The fetch type of a basic mapping can be configured to be lazily or eagerly loaded by specifying the fetch element in the corresponding @Basic annotation. The FetchType-enumerated type defines the values for this element, which can be either EAGER or LAZY. Setting the fetch type of a basic mapping to LAZY means that the provider might defer loading the state for that attribute until it is referenced. The default is to load all basic mappings eagerly. Listing 4-8 shows an example of overriding a basic mapping to be lazily loaded.
@Entity
public class Employee {
    // ...
    @Basic(fetch=FetchType.LAZY)
    @Column(name="COMM")
    private String comments;
    // ...
}
Listing 4-8

Lazy Field Loading

We are assuming in this example that applications will seldom access the comments in an employee record, so we mark it as being lazily fetched. Note that in this case, the @Basic annotation is not only present for documentation purposes but is also required in order to specify the fetch type for the field. Configuring the comments field to be fetched lazily will allow an Employee instance returned from a query to have the comments field empty. The application does not have to do anything special to get it, however. By simply accessing the comments field, it will be transparently read and filled in by the provider if it was not already loaded.

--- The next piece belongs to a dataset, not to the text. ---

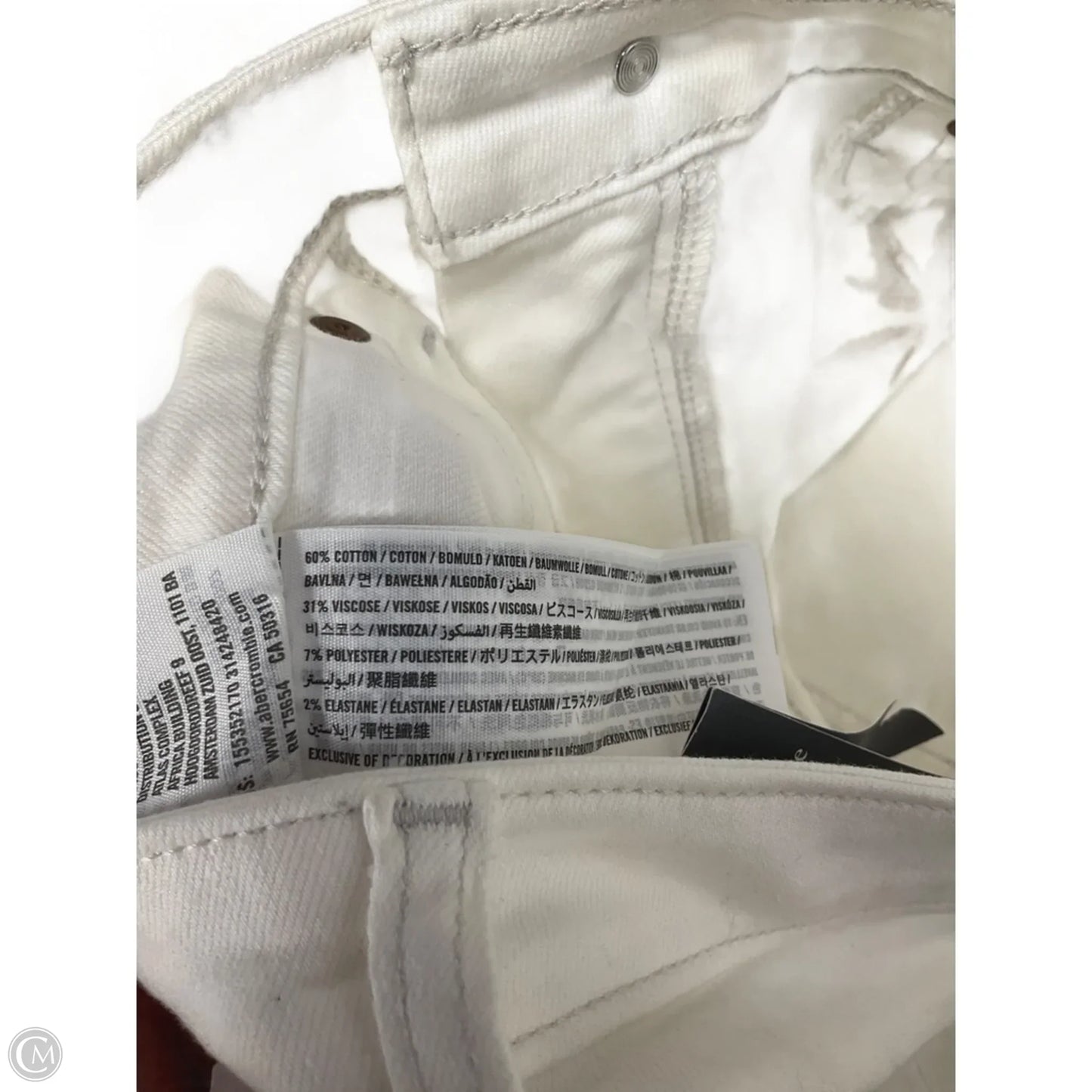 Jeans Straight By Abercrombie And Fitch In White, Size: 12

Before you use this feature, you should be aware of a few pertinent points about lazy attribute fetching. First and foremost, the directive to lazily fetch an attribute is meant only to be a hint to the persistence provider to help the application achieve better performance. The provider is not required to respect the request because the behavior of the entity is not compromised if the provider goes ahead and loads the attribute. The converse is not true, though, because specifying that an attribute be eagerly fetched might be critical to being able to access the entity state once the entity is detached from the persistence context. We discuss detachment more in Chapter 6 and explore the connection between lazy loading and detachment.

Second, on the surface it might appear that this is a good idea for certain attributes of an entity, but in practice it is almost never a good idea to lazily fetch simple types. There is little to be gained in returning only part of a database row unless you are certain that the state will not be accessed in the entity later on. The only times when lazy loading of a basic mapping should be considered are when there are many columns in a table (e.g., dozens or hundreds) or when the columns are large (e.g., very large character strings or byte strings). It could take significant resources to load the data, and not loading it could save quite a lot of effort, time, and resources. Unless either of these two cases is true, in the majority of cases, lazily fetching a subset of object attributes will end up being more expensive than eagerly fetching them.

Lazy fetching is quite relevant when it comes to relationship mappings, though, so we discuss this topic later in the chapter.

Large Objects

A common database term for a character or byte-based object that can be very large (up to the gigabyte range) is a large object, or LOB for short. Database columns that can store these types of large objects require special JDBC calls to be accessed from Java. To signal to the provider that it should use the LOB methods when passing and retrieving this data to and from the JDBC driver, an additional annotation must be added to the basic mapping. The @Lob annotation acts as the marker annotation to fulfill this purpose and might appear in conjunction with the @Basic annotation, or it might appear when @Basic is absent and implicitly assumed to be on the mapping.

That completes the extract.